* **Description of the task**
Beginning with the line that contains "Elegante Perlenkette weiß", retype the entries below exactly, ending with the line that contains "Thorntree Lodge". Leave out any pictures.
Segment Start: Records
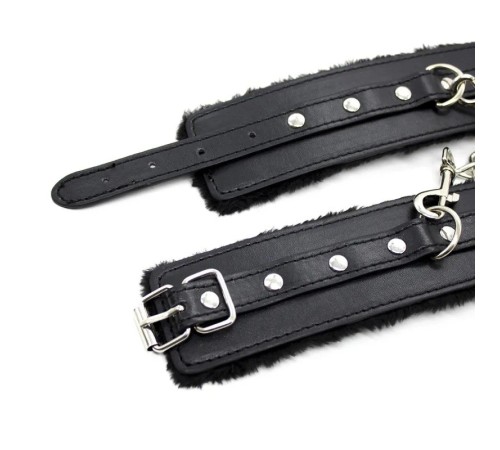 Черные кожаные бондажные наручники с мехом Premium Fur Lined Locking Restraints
Segment End: Records
Segment Start: Records
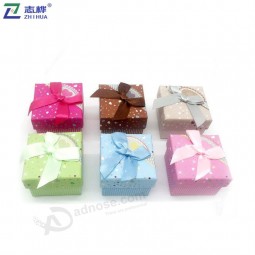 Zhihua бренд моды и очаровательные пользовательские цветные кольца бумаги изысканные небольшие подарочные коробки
Segment End: Records
Segment Start: Records
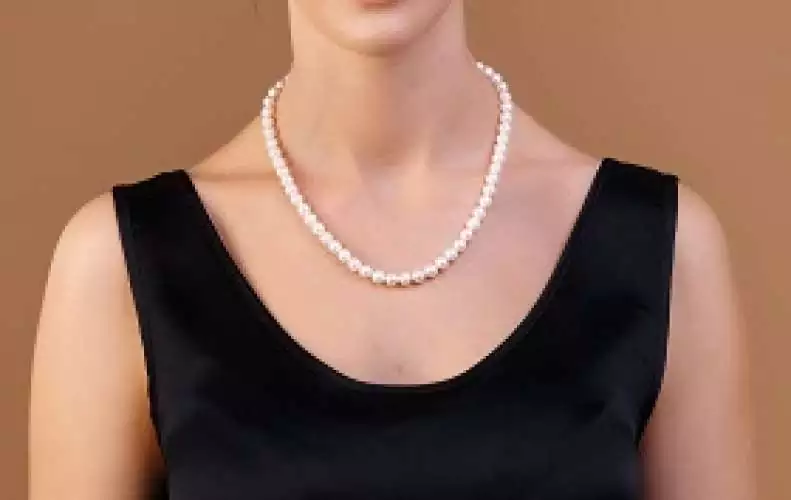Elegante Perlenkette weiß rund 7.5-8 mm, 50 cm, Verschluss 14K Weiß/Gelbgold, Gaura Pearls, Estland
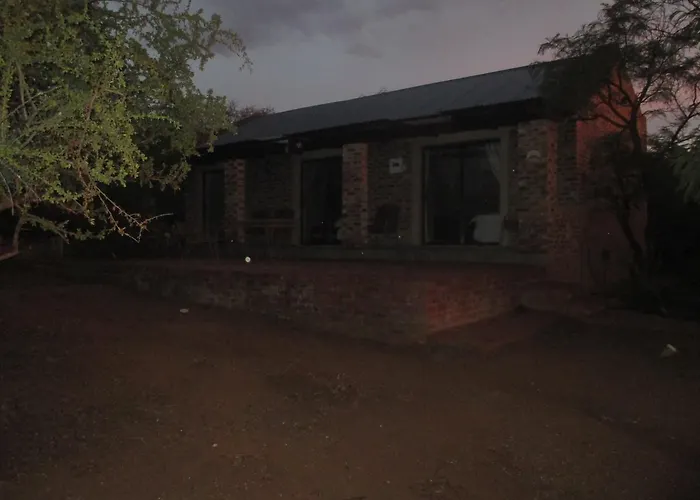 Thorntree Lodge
Segment End: Records
* **Written response**
Elegante Perlenkette weiß rund 7.5-8 mm, 50 cm, Verschluss 14K Weiß/Gelbgold, Gaura Pearls, Estland
 Thorntree Lodge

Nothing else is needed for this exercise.